Watch the trailer of Haseen Dillruba here
Directed by Vinil Mathew, Haseen Dillruba is, it can be argued, a bigger blot on star Taapsee Pannu's post-Pink career than even Judwaa 2. You knew what you were getting into with that film, but Haseen Dillruba has the nerve to promise something more meaningful — under the pretence of pulp thrills, it has aspirations for prestige.
There isn't a single minute of straightforward storytelling in Haseen Dillruba — it's an assault on all senses, including that of the common kind. The film clocks in at a little over two hours — conventional, you might say — but don't let that fool you. It feels like four.
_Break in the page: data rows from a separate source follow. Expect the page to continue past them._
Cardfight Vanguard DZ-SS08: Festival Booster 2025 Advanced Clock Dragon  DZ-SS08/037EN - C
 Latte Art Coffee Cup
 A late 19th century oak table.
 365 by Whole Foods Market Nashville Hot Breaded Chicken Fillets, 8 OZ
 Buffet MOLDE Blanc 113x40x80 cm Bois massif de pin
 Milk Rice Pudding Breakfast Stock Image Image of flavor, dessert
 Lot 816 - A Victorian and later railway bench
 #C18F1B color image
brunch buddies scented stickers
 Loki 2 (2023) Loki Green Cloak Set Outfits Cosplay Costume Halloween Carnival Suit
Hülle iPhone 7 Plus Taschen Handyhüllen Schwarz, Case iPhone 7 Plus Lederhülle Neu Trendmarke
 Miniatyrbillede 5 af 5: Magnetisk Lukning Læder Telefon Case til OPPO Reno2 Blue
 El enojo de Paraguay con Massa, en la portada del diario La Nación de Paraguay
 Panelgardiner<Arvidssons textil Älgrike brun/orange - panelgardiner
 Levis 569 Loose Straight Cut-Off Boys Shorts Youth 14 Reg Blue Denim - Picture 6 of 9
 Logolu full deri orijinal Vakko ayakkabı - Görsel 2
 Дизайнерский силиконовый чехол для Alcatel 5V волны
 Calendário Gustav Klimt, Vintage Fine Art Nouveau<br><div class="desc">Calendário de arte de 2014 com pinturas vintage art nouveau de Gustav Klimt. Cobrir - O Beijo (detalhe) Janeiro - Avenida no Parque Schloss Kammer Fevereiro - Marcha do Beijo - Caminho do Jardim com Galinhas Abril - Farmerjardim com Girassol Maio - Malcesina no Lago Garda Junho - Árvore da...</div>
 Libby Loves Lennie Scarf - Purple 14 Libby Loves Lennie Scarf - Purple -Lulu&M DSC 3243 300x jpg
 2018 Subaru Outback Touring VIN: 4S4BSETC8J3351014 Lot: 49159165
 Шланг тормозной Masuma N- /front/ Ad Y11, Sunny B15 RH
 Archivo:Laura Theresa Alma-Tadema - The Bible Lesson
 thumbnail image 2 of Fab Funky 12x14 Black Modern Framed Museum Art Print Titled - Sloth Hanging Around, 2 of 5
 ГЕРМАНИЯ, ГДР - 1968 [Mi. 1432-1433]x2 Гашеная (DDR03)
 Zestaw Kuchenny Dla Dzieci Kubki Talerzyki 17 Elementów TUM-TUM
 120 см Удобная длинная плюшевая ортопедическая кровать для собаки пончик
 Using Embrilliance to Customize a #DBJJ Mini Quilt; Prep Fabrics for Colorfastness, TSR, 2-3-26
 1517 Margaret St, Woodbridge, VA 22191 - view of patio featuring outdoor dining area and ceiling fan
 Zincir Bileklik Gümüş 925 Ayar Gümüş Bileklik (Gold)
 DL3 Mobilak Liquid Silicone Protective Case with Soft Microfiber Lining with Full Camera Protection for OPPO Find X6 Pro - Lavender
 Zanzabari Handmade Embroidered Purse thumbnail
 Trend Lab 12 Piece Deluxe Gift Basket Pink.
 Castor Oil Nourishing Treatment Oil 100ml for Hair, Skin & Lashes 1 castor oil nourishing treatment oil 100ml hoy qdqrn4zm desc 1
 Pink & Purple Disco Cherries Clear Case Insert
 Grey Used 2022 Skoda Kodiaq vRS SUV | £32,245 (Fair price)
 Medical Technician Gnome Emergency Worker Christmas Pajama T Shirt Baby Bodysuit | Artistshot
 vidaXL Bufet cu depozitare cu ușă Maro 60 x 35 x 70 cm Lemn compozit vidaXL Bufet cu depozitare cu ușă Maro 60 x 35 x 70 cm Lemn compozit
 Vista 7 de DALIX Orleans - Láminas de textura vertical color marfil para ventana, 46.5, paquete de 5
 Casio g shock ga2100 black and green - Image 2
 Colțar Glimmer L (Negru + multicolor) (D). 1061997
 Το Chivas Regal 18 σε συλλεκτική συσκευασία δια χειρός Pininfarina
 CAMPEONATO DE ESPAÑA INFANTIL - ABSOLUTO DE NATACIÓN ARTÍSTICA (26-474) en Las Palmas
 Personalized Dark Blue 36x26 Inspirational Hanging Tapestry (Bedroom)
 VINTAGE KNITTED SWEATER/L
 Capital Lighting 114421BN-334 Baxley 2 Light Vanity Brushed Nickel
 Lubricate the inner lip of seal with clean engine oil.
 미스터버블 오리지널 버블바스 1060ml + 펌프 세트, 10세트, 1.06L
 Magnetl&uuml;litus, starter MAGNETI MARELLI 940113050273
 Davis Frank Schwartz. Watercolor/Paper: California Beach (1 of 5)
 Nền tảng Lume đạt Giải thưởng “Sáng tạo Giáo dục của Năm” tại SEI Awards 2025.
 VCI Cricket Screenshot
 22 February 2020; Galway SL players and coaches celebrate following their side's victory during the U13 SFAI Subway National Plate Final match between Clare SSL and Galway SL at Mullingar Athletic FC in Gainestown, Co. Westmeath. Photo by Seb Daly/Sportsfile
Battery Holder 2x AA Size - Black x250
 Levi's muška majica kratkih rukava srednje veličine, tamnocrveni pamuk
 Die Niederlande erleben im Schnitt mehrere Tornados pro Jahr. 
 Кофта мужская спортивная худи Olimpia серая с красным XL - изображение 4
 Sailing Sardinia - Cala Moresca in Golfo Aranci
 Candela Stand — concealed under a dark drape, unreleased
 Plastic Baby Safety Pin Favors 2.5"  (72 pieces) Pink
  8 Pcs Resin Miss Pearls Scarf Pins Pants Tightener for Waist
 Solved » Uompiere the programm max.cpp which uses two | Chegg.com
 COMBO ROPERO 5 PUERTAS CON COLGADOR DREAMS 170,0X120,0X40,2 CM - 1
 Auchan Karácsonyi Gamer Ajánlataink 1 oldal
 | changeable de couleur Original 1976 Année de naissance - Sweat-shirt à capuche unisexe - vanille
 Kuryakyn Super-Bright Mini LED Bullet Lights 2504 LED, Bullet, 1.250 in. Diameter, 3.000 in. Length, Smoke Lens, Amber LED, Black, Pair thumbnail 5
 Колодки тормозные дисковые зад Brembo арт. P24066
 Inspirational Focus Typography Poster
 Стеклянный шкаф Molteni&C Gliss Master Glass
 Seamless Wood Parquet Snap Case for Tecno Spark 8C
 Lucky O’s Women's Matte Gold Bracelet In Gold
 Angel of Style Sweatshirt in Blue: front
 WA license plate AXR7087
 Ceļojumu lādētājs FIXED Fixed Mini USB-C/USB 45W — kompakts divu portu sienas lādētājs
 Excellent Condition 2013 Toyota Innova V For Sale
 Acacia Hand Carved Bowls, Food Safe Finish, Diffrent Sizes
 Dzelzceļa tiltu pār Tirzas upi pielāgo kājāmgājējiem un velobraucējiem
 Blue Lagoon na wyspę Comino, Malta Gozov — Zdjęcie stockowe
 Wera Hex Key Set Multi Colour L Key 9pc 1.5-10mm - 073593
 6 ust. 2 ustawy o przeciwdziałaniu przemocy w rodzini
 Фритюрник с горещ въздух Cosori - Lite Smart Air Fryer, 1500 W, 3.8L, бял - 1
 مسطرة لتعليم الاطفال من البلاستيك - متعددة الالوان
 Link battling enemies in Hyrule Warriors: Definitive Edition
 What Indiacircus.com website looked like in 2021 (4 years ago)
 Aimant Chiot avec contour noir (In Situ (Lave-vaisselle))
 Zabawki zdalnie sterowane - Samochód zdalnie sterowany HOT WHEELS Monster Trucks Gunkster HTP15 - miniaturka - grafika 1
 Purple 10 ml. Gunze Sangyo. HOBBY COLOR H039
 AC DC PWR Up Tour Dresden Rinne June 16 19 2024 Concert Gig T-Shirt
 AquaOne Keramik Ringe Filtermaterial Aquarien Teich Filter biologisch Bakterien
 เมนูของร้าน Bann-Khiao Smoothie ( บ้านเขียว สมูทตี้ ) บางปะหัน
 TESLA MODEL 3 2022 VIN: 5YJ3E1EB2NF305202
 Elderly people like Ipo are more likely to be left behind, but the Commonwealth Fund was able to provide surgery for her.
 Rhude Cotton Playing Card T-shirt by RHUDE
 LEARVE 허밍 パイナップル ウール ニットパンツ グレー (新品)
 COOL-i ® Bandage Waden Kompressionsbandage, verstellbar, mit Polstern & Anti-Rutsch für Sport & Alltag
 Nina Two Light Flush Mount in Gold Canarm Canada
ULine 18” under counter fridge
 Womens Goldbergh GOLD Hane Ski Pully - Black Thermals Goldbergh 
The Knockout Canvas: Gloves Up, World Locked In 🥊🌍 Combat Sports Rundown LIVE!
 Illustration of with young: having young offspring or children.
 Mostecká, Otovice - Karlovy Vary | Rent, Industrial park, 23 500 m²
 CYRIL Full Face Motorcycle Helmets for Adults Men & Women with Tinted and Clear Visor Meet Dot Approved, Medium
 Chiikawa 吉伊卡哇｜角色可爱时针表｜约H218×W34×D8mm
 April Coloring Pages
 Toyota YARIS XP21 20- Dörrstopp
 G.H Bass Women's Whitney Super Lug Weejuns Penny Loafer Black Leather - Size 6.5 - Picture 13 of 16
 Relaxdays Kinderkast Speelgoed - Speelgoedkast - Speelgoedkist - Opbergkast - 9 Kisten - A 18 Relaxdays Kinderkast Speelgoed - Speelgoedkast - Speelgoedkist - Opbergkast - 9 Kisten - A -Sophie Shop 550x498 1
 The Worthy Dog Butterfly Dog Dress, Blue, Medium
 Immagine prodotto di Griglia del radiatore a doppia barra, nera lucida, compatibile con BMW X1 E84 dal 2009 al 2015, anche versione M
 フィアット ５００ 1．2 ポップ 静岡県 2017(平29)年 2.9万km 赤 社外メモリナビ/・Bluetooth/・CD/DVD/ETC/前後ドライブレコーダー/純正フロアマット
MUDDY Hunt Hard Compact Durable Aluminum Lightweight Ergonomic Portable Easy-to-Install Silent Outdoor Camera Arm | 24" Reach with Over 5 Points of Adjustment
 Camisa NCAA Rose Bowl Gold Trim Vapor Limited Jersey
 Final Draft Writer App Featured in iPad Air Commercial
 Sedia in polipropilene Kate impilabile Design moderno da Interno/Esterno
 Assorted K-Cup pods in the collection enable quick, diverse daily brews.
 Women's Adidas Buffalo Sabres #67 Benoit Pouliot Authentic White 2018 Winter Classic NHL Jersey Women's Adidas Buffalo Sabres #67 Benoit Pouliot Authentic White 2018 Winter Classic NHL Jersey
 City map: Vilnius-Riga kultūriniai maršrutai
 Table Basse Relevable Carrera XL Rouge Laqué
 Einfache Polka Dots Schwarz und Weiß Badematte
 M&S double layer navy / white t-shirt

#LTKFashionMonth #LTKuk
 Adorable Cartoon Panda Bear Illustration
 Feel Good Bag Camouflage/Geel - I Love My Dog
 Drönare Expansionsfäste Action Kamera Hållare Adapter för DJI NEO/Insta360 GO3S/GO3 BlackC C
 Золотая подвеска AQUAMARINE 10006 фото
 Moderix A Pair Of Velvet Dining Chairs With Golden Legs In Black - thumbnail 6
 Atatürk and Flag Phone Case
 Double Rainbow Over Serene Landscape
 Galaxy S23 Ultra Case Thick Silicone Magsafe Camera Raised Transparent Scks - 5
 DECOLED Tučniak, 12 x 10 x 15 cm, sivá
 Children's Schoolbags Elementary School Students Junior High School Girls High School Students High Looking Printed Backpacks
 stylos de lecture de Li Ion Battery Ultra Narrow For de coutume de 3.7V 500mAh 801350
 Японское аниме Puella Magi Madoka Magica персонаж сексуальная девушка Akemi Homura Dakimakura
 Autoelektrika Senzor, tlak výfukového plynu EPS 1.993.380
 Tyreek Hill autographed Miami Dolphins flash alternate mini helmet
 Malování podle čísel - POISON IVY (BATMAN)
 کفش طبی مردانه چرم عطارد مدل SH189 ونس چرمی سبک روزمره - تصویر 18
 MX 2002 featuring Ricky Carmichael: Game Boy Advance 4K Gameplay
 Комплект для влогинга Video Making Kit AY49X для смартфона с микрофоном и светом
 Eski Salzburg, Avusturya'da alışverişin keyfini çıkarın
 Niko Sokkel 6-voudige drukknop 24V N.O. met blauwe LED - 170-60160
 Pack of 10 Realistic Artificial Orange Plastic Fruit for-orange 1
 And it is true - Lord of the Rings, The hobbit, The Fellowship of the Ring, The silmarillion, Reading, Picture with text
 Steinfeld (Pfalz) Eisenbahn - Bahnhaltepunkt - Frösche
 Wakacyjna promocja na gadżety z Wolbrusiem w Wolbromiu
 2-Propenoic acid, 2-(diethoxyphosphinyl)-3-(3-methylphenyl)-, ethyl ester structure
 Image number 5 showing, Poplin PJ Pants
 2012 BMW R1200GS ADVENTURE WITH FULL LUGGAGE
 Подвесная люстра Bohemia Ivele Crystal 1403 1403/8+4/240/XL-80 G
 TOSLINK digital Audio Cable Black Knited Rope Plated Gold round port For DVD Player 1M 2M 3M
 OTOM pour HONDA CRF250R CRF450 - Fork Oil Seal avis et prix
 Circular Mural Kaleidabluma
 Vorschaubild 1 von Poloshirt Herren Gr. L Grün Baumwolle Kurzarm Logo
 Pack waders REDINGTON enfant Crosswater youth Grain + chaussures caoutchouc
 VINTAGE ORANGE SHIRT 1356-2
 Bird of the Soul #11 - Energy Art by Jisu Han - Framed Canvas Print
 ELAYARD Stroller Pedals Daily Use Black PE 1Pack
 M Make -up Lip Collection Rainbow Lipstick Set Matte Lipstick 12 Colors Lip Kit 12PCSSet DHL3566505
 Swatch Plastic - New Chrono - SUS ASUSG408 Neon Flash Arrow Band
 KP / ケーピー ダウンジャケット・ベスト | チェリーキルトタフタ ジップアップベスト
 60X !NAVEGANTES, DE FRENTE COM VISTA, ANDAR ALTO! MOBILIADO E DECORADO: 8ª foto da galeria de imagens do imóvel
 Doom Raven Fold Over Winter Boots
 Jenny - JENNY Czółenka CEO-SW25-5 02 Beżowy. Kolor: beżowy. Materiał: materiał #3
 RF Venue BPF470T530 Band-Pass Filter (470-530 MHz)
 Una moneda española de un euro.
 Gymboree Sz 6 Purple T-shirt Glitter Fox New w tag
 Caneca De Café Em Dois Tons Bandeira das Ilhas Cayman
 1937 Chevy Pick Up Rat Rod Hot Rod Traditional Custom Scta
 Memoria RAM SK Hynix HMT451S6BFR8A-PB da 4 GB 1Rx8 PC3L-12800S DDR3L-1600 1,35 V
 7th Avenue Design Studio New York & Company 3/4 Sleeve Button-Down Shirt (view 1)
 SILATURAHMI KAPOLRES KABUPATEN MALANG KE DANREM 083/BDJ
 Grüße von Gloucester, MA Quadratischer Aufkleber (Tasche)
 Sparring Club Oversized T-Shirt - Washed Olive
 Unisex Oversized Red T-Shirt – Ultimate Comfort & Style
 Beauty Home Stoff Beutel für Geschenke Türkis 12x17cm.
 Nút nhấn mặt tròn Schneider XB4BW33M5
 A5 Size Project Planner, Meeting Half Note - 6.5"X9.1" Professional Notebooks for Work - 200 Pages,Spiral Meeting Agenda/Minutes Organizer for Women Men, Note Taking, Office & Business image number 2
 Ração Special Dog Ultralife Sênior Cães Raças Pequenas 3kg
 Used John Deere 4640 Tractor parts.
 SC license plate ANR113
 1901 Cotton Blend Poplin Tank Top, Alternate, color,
Three intensely unlikeable people come together in this strange cocktail of romance and revenge. The overall experience, however, feels like someone's slipped you a roofie. Haseen Dillruba is hardly the homage to Hindi pulp fiction that had been teased.
by the standards of something you might pick up on a railway platform, the characters in this film behave like no human being you're ever likely to meet.
Taapsee Pannu's performance as a bored housewife named Rani is all over the place. In one moment she's the standard Taapsee Pannu-type — brash but somewhat endearing — and in the next, she goes stunningly off-brand, and literally begs a man to accept her. It's a jarring shift, considering how Rani had been presented to us.
The issue here isn't the change of heart — these things happen — but the film's indifference towards its own internal logic.
Normally, it would be up to the writer and director to make the evolution of the character graceful. Not the actor. But because there's no middle-ground between these drastically different sides to Rani's personality, it feels as if you're watching two entirely different people.
Where's the Taapsee who displayed such remarkable command over her character in Thappad? What has Haseen Dillruba done to her? Tonal creases like this can only be ironed out if the creative minds behind the operation are on the same page. It doesn't seem like they were here.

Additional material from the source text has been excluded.